Thursday, February 2, 2012
|Jonas Gustavsson didn't see his shadow. That means there will be spring hockey in Toronto.|
- Jonas Gustavsson yanked the starting gig from James Reimer and ran with it in January. The Monster went 7-3-1 with a 2.08 GAA, .926 SV%, and three shutouts. Did not see that one coming.
- The Leafs took 15 out of a possible 24 points in the month, which is a pace of slightly over 100 points in a season. Positive!
- The penalty kill went a whole month without allowing a goal. Allow a moment for that to sink in. The penalty kill, which has routinely gone games without killing one off, actually managed an entire month without allowing one powerplay goal against. This is truly the end of days.
- The penalty kill was so bad before January that even going an entire month without allowing a goal still meant that the Leafs were the league's 30th ranked PK unit. Yup.
- One of the reasons the penalty kill was so good was because the team limited the amount of penalties. The old cliché is that the hardest penalty to kill off is a bad one, and the Leafs made sure they didn't take too many bad penalties, or really any penalties for that matter. The Leafs went weeks without taking more than a handful of penalties, which really helps out a beleaguered group of penalty killers.
- Mikhail Grabovski caught on fire, scoring 8 goals and adding 8 assists in 12 games. He won the first star of the week for the final week of January and really looked like Toronto's best player on most nights. This also made me sad because he might just price himself out of Toronto.
- The Leafs signed John-Michael Liles to a four-year contract extension worth $3.875 million per season, which saves the Leafs $325,000 compared to Liles current deal. That's not a lot, but every penny counts. Sorry, that's the Nashville Predators motto. I think Toronto's motto is something like "mo money, mo condos", which is at least an upgrade from the previous "no trade clauses for all" motto that JFJ tattooed on his arm.
- In a Sports Illustrated players poll, Dion Phaneuf was named the most overrated player in the league, confirming that NHL players are unable to differentiate between overpaid and overrated. For the last two years Phaneuf has been trashed quite a bit, and is only starting to hear some more praise for his game this season.

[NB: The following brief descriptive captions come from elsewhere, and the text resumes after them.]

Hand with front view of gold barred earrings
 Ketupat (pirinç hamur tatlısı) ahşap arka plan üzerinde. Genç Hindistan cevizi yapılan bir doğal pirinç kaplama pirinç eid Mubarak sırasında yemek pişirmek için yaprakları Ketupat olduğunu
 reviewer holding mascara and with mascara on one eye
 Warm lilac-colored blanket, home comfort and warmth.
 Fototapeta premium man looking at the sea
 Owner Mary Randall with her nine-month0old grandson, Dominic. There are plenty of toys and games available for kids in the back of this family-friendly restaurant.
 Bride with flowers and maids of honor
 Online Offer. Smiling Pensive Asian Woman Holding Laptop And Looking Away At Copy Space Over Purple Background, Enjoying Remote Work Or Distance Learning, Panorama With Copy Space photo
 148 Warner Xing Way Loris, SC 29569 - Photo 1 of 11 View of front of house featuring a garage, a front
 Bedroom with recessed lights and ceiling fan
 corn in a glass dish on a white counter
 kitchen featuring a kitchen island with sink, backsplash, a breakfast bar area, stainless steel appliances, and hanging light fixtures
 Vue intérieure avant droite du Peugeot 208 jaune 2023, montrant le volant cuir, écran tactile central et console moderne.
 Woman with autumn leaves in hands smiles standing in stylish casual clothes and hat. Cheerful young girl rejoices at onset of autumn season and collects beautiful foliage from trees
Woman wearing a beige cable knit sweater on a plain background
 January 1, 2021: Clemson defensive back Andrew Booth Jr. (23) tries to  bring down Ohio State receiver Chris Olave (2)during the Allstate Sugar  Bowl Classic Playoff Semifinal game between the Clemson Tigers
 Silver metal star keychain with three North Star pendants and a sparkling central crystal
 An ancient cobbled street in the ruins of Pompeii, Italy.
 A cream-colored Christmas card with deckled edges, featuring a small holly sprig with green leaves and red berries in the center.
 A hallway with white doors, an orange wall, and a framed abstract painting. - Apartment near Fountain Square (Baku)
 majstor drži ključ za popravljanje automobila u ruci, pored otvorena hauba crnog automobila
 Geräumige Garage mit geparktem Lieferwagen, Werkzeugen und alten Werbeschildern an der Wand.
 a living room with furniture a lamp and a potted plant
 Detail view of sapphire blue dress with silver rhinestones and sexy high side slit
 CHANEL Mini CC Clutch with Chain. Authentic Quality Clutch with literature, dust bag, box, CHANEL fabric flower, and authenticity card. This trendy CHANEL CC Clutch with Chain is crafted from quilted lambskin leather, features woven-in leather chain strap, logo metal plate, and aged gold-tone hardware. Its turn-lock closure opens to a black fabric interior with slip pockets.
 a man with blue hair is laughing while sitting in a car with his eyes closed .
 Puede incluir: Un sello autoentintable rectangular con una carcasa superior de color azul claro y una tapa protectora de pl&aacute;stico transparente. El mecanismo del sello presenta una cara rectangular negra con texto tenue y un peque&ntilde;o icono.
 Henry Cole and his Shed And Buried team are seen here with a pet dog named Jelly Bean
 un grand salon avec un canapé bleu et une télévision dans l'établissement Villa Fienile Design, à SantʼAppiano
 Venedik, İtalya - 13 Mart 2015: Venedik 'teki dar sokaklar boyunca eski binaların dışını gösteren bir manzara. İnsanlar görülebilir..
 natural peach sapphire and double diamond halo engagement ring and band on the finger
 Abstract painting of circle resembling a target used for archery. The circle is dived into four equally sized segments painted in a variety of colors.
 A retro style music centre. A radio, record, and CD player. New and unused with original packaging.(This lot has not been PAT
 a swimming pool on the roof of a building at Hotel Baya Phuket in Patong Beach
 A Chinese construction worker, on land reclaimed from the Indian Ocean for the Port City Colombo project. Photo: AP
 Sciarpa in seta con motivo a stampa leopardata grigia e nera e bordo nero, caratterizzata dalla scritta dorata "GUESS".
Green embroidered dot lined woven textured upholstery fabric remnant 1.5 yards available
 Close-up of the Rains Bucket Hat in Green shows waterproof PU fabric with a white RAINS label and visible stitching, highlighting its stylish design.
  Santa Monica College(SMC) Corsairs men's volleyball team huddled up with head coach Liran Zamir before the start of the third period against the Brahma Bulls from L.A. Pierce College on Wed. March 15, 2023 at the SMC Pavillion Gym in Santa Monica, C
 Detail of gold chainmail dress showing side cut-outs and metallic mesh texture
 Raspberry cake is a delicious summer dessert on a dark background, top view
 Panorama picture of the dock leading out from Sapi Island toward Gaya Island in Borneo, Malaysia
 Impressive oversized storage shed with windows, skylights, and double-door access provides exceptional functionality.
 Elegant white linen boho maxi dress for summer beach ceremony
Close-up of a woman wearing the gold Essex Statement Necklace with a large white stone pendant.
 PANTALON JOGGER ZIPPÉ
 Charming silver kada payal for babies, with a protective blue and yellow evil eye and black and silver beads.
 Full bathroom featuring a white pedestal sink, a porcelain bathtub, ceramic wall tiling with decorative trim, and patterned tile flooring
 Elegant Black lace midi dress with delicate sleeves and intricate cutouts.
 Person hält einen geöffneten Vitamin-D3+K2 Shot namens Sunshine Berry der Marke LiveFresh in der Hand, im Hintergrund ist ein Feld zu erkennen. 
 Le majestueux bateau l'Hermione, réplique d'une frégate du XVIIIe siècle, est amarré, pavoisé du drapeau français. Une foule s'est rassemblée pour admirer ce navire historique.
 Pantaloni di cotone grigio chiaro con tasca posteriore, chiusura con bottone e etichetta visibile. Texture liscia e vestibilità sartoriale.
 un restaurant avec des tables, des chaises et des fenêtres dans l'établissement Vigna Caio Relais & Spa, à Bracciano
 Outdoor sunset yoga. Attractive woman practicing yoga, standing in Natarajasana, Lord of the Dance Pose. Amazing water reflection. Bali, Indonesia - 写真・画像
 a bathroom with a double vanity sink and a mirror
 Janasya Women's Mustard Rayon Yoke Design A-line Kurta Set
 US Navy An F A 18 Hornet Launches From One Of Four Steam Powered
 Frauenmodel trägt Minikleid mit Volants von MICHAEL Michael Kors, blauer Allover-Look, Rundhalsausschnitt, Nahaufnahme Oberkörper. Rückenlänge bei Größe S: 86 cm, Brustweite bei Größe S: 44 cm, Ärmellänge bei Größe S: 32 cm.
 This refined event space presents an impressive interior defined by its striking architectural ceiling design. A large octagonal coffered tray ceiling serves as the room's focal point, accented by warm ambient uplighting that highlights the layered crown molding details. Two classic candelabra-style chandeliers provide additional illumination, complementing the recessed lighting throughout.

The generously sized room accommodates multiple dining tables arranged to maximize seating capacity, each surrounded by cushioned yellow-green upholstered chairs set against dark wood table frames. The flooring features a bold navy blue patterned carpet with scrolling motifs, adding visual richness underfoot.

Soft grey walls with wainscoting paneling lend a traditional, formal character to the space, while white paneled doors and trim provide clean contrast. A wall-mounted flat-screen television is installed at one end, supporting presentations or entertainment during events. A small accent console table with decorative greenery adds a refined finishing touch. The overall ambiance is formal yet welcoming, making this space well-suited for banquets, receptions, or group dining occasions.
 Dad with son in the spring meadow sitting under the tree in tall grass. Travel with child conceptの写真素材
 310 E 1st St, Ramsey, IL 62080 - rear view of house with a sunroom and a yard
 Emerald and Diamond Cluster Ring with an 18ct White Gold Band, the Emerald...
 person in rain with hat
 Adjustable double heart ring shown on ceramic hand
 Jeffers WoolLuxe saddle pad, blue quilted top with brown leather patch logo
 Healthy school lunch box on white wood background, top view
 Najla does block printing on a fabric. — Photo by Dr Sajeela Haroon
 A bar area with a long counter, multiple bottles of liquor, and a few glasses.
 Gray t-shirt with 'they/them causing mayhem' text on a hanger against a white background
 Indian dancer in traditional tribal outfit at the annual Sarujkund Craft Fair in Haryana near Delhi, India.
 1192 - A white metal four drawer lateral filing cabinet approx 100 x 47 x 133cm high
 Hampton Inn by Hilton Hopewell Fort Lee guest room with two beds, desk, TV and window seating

I'm not sure how someone can be overrated when lots of people have criticised them for the past two seasons.
- A truly overrated player is someone who is good, but gets excessive praise. For example, Erik Karlsson is having an amazing season. Really spectacular. But people are pencilling his name in for a Norris Trophy. Uh, the last defenceman to put up big points but didn't match up against the opposition's best players and started close to 60% of his shifts in the offensive zone was Mike Green, and no one took his Norris candidacy seriously. Sorry, Karlsson is great, but tons of points does not make you the league's best defenceman.
- Joe Colborne and Nazem Kadri made the AHL All-Star game, but neither played. Kadri was still with the Leafs and Colborne decided not to take part. I don't even care about the NHL All-Star game, so I'm not going to pretend that anything about the AHL All-Star game matters.
- Kadri threw this beauty hit. For a player of his size, he has a surprising edge to his game. Despite being small he's got a chip on his shoulder and likes to throw his body around when he gets the chance.